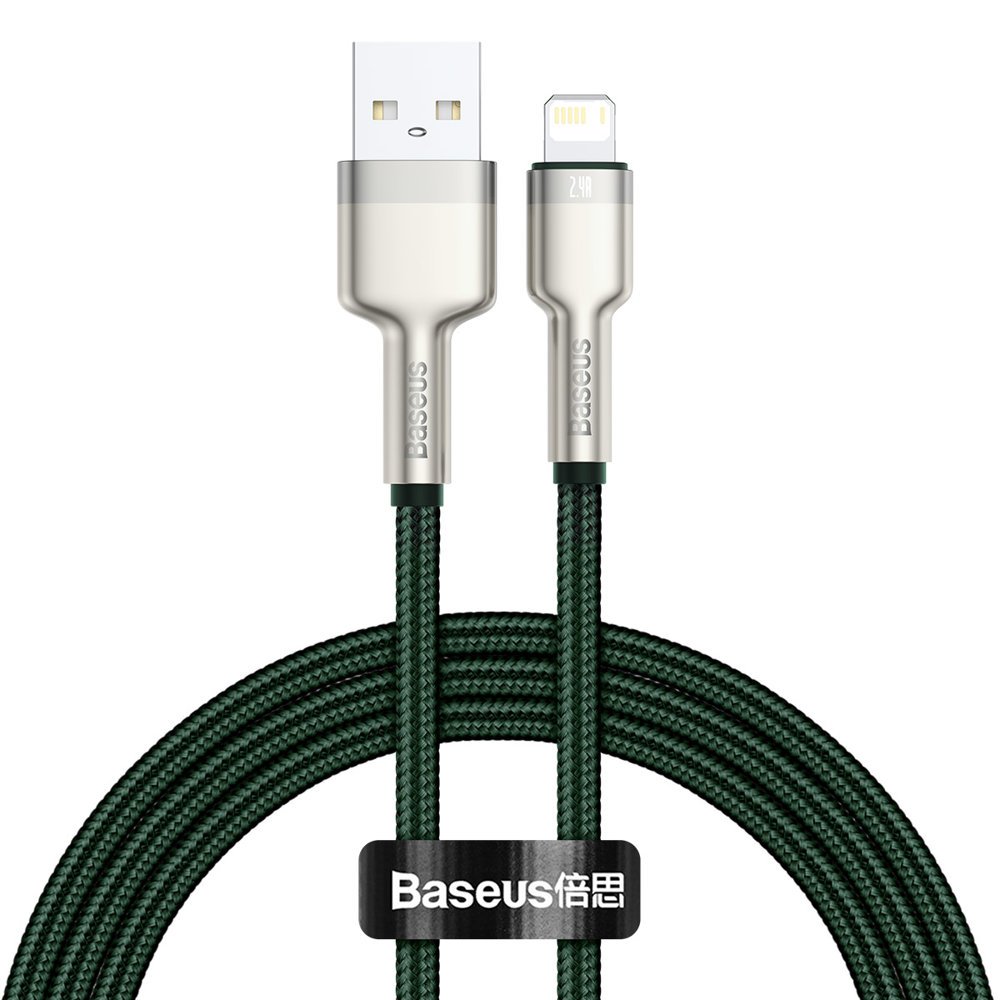 Kabel za podatke i punjenje USB-A - Lightning Baseus Cafule Metal Series, 18W, 1m, Zeleni CALJK-A06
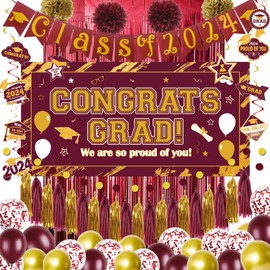 Graduation Decorations Class of 2025, Maroon and Gold Class of 2025 Banner Congrats Grad Backdrop Paper Pompoms Hanging Swirls and Balloons for 2025 Graduations Party Decorations Supplies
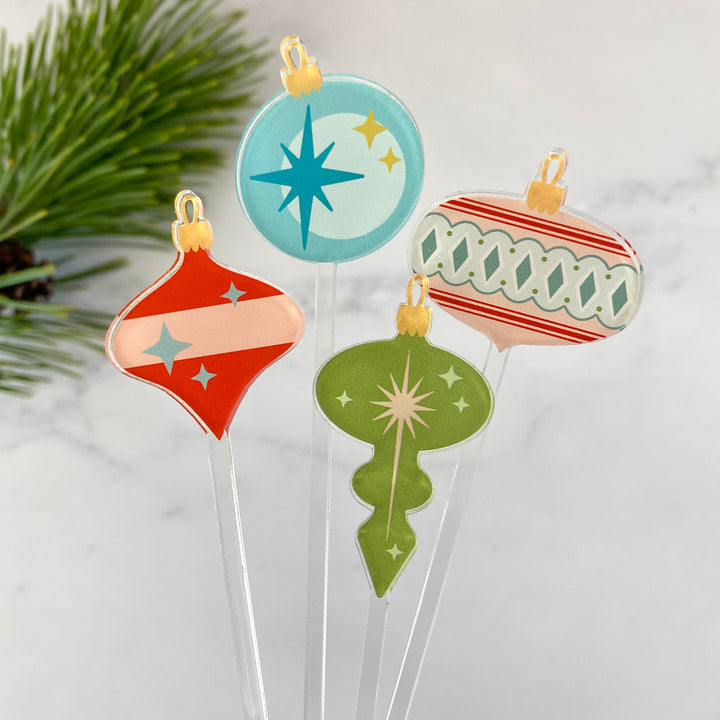 Vintage Christmas Ornament Cocktail Picks (4-Pack)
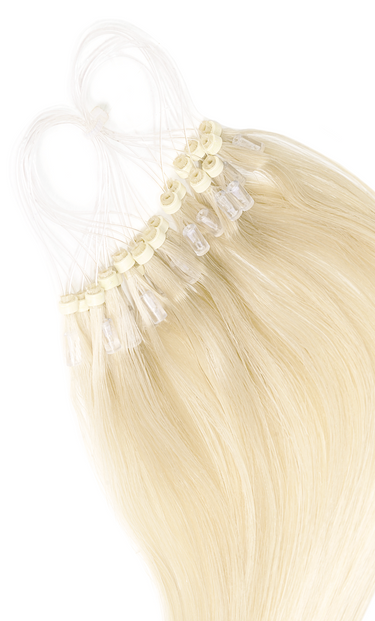 Macro shot of the invisible root on Light Blonde microrings, Remy human hair – Rubin Extensions®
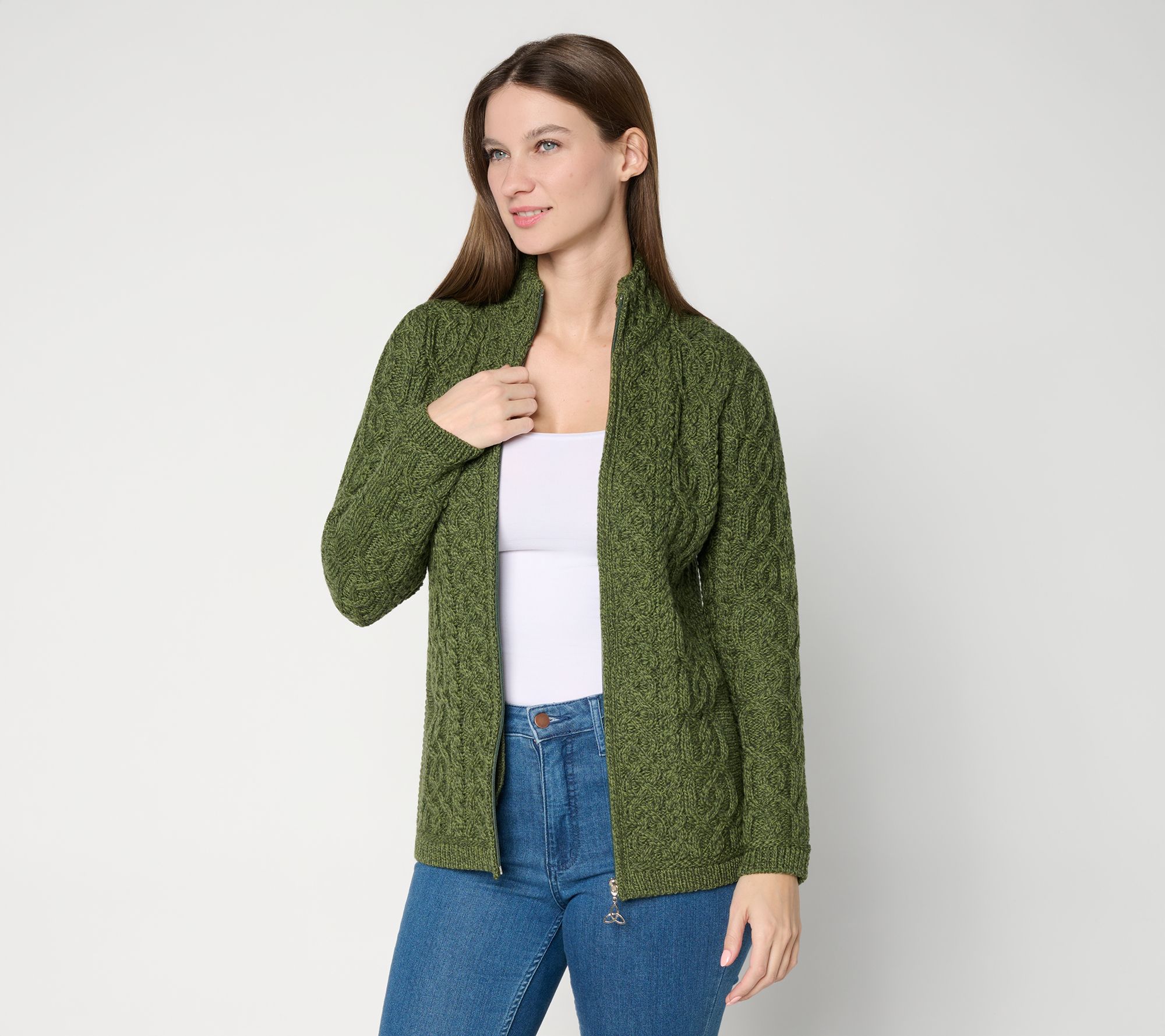 Aran Crafts Merino Wool Zip Front Sweater Cardigan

────────────────

▸ Try it
Without the pictures, transcribe exactly the lines above from the one containing "Graduation Decorations Class" through the last.

▸ Finished exercise
 Graduation Decorations Class of 2025, Maroon and Gold Class of 2025 Banner Congrats Grad Backdrop Paper Pompoms Hanging Swirls and Balloons for 2025 Graduations Party Decorations Supplies
 Vintage Christmas Ornament Cocktail Picks (4-Pack)
 Macro shot of the invisible root on Light Blonde microrings, Remy human hair – Rubin Extensions®
 Aran Crafts Merino Wool Zip Front Sweater Cardigan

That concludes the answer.